Much as we learned with the case of Recy Taylor, the techniques and paths of communication forged during more modest efforts can become the keys to widespread progress later.
It seems most people’s reaction to learning of Irene Morgan is to wonder why they’ve never heard of her before. “Throughout the Jim Crow era, many African Americans rebelled against segregated seating in public transportation, but their number vastly increased after World War II,” according to sociologist Barry Schwartz in “Collective Forgetting and the Symbolic Power of Oneness: The Strange Apotheosis of Rosa Parks.” “By the mid-1950s, defiance of bus segregation had become common. A host of unrecognized men and women (‘invisible leaders,’ as Bernice Barnett calls them) preceded Rosa Parks.”
Rosa Parks was an experienced and trained activist whose 1955 arrest was an organized action planned by the NAACP to challenge segregation in the courts. Rosa’s efforts are rightfully remembered. Irene, and hundreds like her, were normal people living their lives. Their arrests, however violent, were just the mundane business of segregation that others said they must “wait” to see end. They were simply people who reached a point they could no longer endure.
After the notoriety brought by the Supreme Court decision faded, Irene returned a life that was private yet also impressive. According to Euell A. Dixon for BlackPast.org, Irene’s family relocated to New York City in 1945. After the death of her first husband in 1948, 32-year-old Irene remarried. She and new husband Stanley Kirkaldy ran “house cleaning and child-care businesses in Queens.”
"It never bothered me, not being in front," she told Carol of The Washington Post. "If there's a job to be done, you do it and get it over with and go on to the next thing."
In addition to children Sherwood Jr. and Brenda, Irene had five grandchildren and two great-grandchildren. In 1985, at age 68, she earned a bachelor’s degree in communications from St. John’s University, then a master’s degree in urban studies at age 73 from Queens College in 1990. Carol noted, “When Howard University wanted to award her an honorary doctorate, she declined, saying, ‘Oh, no, I didn't earn it.’”
In 2000, Gloucester, Va., celebrated its 350th birthday. To commemorate the occasion, they installed a historical marker at the site of the Hayes Store where Irene boarded the Greyhound bus to go home. The event’s organizer Jann Alexander told The Washington Post, “It’s the most amazing story. She’s a role model for our children and a link to our past. When I think about honoring someone who made such a sacrifice, I get all choked up.” The city also established four scholarships in her name. In 2001, she was awarded the Presidential Citizens Medal by President Bill Clinton.
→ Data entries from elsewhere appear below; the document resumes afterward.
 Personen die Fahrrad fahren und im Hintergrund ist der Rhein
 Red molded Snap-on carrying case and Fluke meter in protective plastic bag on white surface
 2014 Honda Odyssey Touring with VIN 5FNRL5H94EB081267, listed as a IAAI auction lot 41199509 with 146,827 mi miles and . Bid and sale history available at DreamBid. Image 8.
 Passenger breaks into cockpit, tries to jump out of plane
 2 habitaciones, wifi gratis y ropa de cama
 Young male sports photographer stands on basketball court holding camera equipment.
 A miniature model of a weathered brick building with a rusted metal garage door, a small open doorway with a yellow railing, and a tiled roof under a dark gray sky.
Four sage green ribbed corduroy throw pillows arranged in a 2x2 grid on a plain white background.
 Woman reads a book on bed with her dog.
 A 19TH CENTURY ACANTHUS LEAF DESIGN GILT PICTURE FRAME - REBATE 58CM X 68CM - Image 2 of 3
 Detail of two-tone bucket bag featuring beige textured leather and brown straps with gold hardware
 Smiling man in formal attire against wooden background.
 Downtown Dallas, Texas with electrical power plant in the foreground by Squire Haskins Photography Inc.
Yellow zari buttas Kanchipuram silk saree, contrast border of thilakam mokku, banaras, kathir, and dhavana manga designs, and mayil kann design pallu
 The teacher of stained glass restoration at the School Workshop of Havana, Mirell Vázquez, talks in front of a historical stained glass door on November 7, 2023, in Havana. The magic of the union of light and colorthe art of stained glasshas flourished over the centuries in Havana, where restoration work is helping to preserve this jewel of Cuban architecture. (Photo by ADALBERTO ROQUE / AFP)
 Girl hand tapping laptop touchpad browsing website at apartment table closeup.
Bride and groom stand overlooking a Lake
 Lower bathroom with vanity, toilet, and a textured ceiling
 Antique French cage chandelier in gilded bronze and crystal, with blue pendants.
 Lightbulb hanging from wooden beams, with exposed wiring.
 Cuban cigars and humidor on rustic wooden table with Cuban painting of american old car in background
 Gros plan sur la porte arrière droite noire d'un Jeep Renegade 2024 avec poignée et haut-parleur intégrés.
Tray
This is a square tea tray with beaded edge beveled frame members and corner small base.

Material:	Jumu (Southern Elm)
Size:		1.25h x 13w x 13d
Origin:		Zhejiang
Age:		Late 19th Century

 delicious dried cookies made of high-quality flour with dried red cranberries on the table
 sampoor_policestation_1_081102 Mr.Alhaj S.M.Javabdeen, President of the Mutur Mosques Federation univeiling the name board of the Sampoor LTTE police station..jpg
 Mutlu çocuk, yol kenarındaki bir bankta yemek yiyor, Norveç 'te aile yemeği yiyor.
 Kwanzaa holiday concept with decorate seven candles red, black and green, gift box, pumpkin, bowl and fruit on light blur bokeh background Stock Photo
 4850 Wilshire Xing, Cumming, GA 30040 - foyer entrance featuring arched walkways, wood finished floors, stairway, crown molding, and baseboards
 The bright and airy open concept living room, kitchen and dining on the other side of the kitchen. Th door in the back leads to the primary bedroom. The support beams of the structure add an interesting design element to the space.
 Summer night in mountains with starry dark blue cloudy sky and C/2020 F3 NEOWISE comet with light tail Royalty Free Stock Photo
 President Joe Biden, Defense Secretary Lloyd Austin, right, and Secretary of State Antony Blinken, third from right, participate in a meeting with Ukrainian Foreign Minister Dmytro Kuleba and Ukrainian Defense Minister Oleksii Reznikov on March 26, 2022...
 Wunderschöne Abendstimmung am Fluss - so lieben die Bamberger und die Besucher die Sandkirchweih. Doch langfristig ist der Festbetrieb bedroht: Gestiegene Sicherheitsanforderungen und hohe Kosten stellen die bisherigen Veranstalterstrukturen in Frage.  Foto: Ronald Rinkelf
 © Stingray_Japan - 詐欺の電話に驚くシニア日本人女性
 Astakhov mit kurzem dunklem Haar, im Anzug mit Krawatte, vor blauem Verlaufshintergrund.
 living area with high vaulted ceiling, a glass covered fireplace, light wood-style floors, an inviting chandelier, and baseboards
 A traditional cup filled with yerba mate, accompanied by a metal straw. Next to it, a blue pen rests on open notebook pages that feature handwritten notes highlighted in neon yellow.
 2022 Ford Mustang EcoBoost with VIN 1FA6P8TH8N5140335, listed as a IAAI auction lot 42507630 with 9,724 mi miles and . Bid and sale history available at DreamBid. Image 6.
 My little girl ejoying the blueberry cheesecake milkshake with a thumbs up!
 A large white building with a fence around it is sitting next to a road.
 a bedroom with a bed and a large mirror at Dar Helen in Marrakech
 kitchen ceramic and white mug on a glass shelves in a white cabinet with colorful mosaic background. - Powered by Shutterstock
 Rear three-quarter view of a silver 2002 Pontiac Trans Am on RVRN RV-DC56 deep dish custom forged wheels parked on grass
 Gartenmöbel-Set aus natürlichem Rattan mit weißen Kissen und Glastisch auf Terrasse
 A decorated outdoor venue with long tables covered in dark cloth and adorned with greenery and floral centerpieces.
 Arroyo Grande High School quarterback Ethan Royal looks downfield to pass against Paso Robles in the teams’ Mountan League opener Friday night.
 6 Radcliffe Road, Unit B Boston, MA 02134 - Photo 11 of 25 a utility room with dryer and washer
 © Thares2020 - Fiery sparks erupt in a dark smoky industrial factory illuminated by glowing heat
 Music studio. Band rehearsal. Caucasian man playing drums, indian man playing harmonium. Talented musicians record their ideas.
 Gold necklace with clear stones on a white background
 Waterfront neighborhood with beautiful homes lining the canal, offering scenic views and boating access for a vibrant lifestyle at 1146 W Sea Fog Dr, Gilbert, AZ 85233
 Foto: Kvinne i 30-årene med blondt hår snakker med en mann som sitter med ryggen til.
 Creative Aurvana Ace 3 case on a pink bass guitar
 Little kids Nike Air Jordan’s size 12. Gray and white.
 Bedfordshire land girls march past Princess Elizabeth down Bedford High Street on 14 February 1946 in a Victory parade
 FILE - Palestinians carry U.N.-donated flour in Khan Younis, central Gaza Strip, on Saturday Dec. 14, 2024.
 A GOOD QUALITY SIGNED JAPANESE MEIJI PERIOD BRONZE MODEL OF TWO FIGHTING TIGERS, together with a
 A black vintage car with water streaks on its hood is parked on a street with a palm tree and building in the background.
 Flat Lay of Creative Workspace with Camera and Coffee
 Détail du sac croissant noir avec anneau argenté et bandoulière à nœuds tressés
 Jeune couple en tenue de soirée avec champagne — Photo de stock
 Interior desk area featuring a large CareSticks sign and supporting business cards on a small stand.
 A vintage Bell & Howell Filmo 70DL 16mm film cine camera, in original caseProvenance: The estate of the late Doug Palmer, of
On August 10, 2007, Irene was at Brenda’s Gloucester home when she died at age 90. Her funeral was held at the local high school. In 2000, Brenda told Carol that her mother “always taught us that if you know you're right, it doesn't matter what anyone else thinks. It's a moral thing. It's something you have to do. She doesn't see herself as a hero. She saw something that had to be done, and she rushed in, like all heroes.”
Sources:
The Washington Post: The Freedom Rider a Nation Nearly Forgot by Carol Morello
Richmond Dispatch: Irene Morgan
Letter from a Birmingham Jail by Martin Luther King, Jr.
Justia: Morgan v. Virginia, 328 U.S. 373 (1946)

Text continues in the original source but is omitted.